Commons Amendment 93 applies the tipping-point provision to UK Supreme Court appointments, similar to the one being applied to other judicial appointments by Part 2 of Schedule 13 to the Bill. The Government’s position has always been that the tipping point should apply to Supreme Court appointments. We believe that Section 159 of the Equality Act 2010 could already be applied to Supreme Court appointments, but on Third Reading my noble friend Lord Marks expressed some doubt as to whether this was the case. After considering the points raised by my noble friend, the Government brought forward Commons Amendment 93, which removes any uncertainty that a tipping point can apply to Supreme Court appointments. Commons Amendment 130 relates to the judicial deployment provisions in Schedule 14 to the Bill, which aim to provide greater flexibility in deploying judges to different courts and tribunals. After further consultation with the judiciary about the extent of these flexible deployment provisions, and given the particular skills and experience needed in Crown Court cases, we have concluded that the Crown Court should be removed from the deployment provisions.

On the UK Supreme Court, I am sure the House will wholeheartedly welcome Commons Amendment 7. Both on Report and at Third Reading in this House,

25 Mar 2013 : Column 835

the Government indicated that we were discussing the appointments process for the chief executive of the UK Supreme Court with the president of the court with a view to arriving at an agreed way forward.
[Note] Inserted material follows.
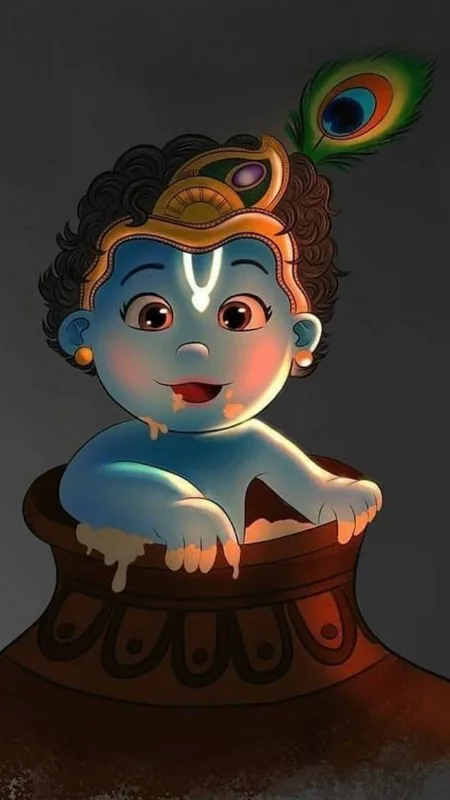 Baby Krishna Butter Pot Radha Krishna Wallpaper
I am pleased to report that these discussions were successfully concluded, and as a result Commons Amendment 7 amends the Constitutional Reform Act 2005 so that the president of the UK Supreme Court, rather than the Lord Chancellor, is made responsible for the appointment of the chief executive, and it is no longer necessary for the chief executive to agree the staffing structure of the court with the Lord Chancellor.

On broadcasting, as the House is aware, Clause 28 confers on the Lord Chancellor the power to make an order, with the agreement of the Lord Chief Justice, setting out circumstances in which the current legislative ban on broadcasting court proceedings below the Supreme Court level may be disapplied. When we debated these provisions previously, I believe all were agreed that while it is important for justice to be seen to be done, this must not be at the expense of the proper administration of justice. I remember talking to this particular amendment at the time. Let me just reiterate some of the reassurances that were given. Any order made under Clause 28 will be subject to a triple lock requiring: first, the agreement of the Lord Chancellor; secondly, the agreement of the Lord Chief Justice; and, thirdly, scrutiny by Parliament under the affirmative procedure. In addition to this, there is a fourth lock, which will give judges the discretion to stop filming or to refuse to allow broadcast of recorded footage in a particular case.

Clause 28(3) sets out the judicial tests that a judge must apply when considering whether to stop or prohibit filming in order to protect the interests of victims, witnesses and other parties. As currently drafted, only individuals who are party to proceedings are protected. We strongly believe that the court should be allowed to consider the impact on individuals who are not party to proceedings—for example, the families of victims and offenders—when considering whether to use the judicial veto. As such, Commons Amendment 9 would modify these tests to give the judge a wider discretion to stop the filming or broadcasting of court proceedings.

The requirement for the court to consider “the fairness of any proceedings” would be replaced with a wider requirement to consider the interests of justice, while the requirement for the court to consider whether “any person involved in the proceedings is not unduly prejudiced” would be replaced with a broader requirement for the court to consider whether any person will be unduly prejudiced, irrespective of whether they are a party to the proceedings. Commons Amendments 8, 10, 33 and 37 put beyond doubt the fact that the UK Supreme Court may record and broadcast its proceedings. They are essentially amendments that clarify this position.